Il est intervenu à la demande de HADOPI dans un cadre qui n'est pas une mission judiciaire, ce qui est parfaitement admis. Son rapport doit donc être considéré comme un élément d'argumentation de HADOPI, même si au demeurant, l'expert Znaty s'est efforcé d'établir son avis en toute objectivité comme le commande les règles déontologiques de l'expert intervenant dans un cadre hors judiciaire.
C'est l'excellente réputation de l'expert Znaty et le contenu de son rapport qui donnent du poids à son rapport.

Concernant Zithom, son avis sur son blog, également hors de toute mission judiciaire bien entendu, est précis, intéressant et utile.
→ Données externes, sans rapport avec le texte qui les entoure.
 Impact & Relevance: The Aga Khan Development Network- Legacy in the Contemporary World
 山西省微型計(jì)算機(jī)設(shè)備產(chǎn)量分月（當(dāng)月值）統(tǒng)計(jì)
Mais je déplore que celui-ci utilise son titre d'expert judiciaire tout en signant sous un pseudonyme. D'ailleurs, en toute rigueur, la loi le lui interdit. Toutefois, cela rentre dans une certaine tolérance nécessaire à la liberté des opinions. Une règle de courtoisie entre experts nous oblige toutefois à débattre sous notre identité.

Si les infractions signalées par HADOPI soulève des questions techniques, le juge sera inspiré à ordonner une expertise, cette fois judiciaire.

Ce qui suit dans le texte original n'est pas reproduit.